If the whites were still too warm when the butter was added and the buttercream is too thin and soupy, refrigerate the bowl in 10 minute bursts until it’s cool (but not cold) and beat again until smooth.

Assemble cake:
Place the first cake layer on an 8″ cardboard cake round, serving plate, or cake stand. Using a cake round will make it easier to ice and decorate, especially if you have a revolving turntable for decorating (I use a lazy suzan, but you can also just spin your plate or cake stand while you work).

Fit a piping bag with a large round or star tip and fill with a cup or two of the Swiss meringue buttercream. Pipe a thick dam of icing around the outside of the cake to contain the blueberry filling. This will ensure that the filling stays in place and doesn’t squish out when the layers are stacked.

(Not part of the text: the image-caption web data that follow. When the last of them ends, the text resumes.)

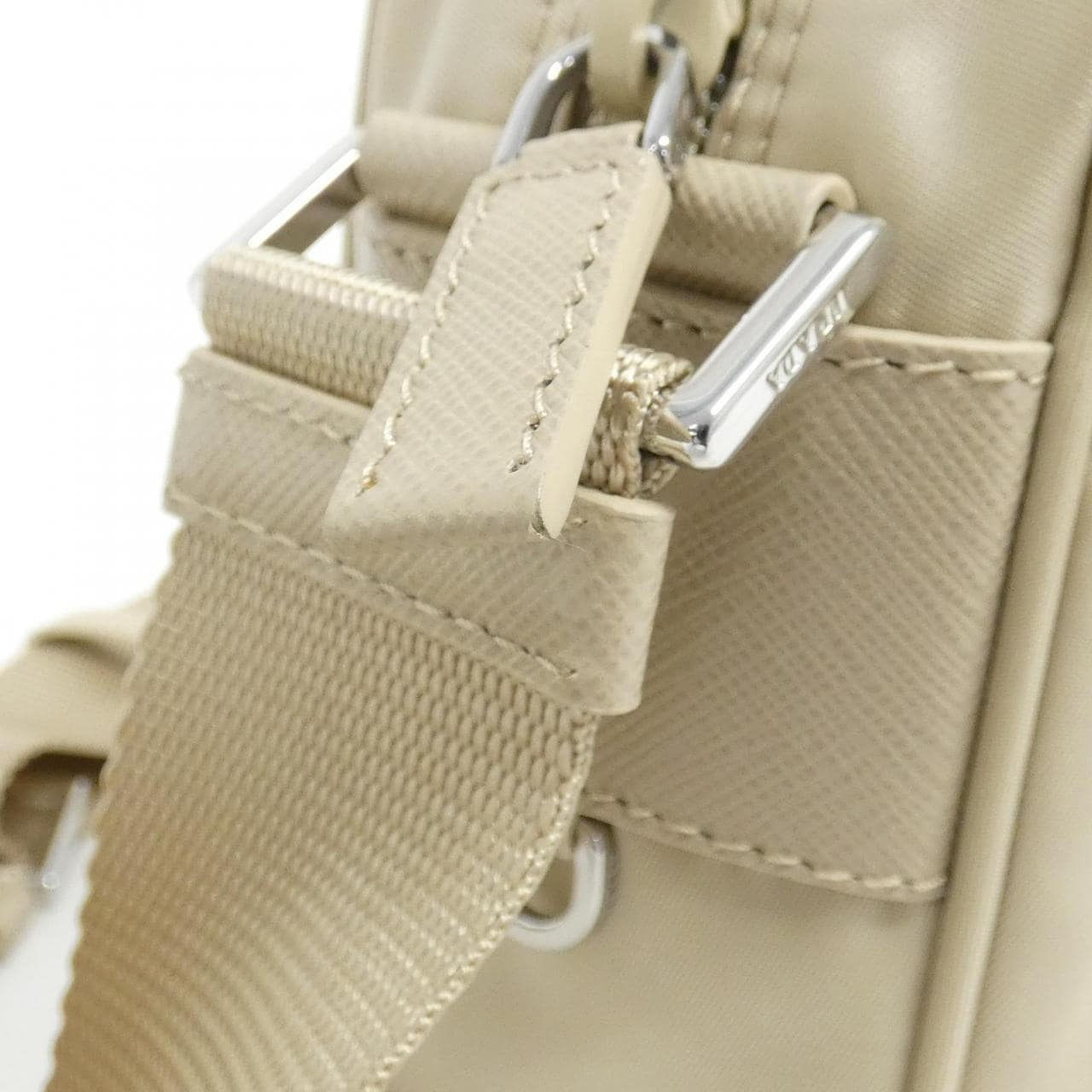 Prada 1BC167肩背包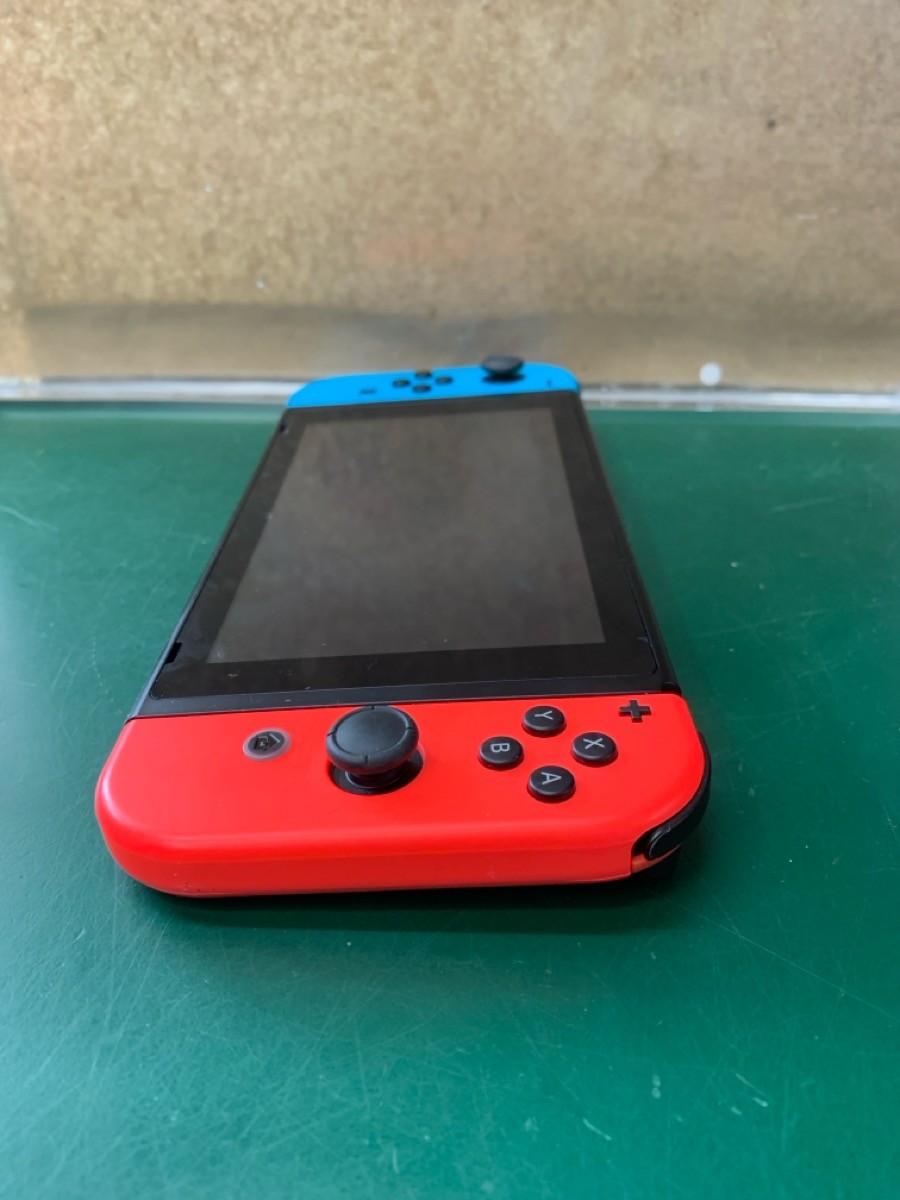 Nintendo Switch HAC-001(-01) Handheld Console Blue/Red (E10050465)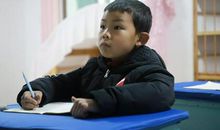 今天教室特别静作文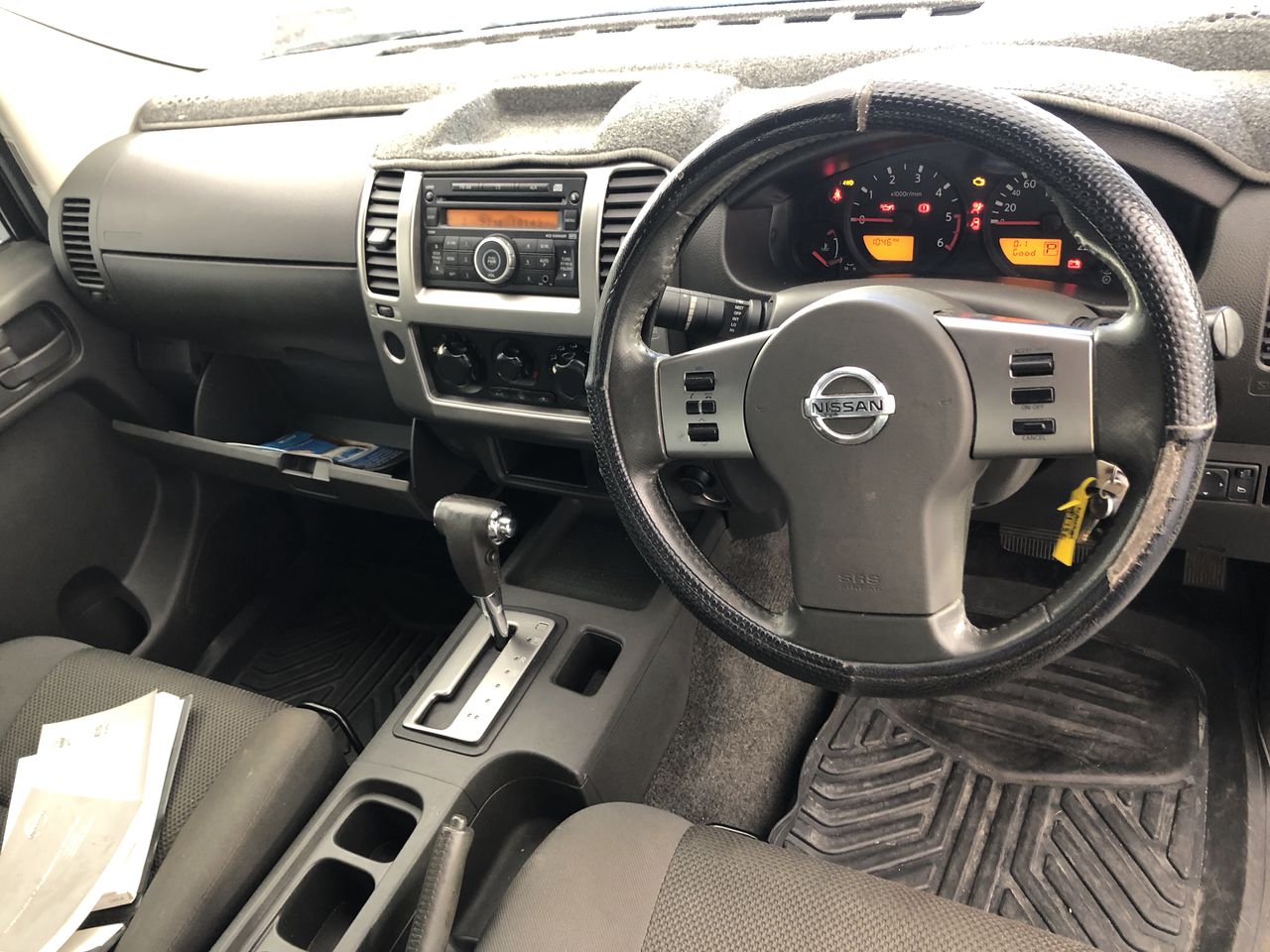 25 x Asstd AU & World Commemorative & Sporting medals & badges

Place about half of the filling in the center of the cake and spread it smooth and even using an icing spatula. Add the next layer of cake, looking from directly over the top and from eye level at the cake to make sure each layer is directly one above the other, rotating the cake to be certain. Repeat the same procedure with the buttercream dam and the other half of the filling, then add the third and final layer of cake and check for straightness again. Using about half of the remaining icing, crumb coat your cake (If you have any icing left in the piping bag, empty it out and use that too). Starting with the top of the cake, spread the icing thin and work some of it down the sides of the cake to completely cover the whole thing in a thin, smooth, even coat of icing. This first layer of icing seals the cake and keeps crumbs from being visible in the outer layer of icing. It may seem like unnecessary trouble, but it really is worth it to get a smooth professional finish on the icing.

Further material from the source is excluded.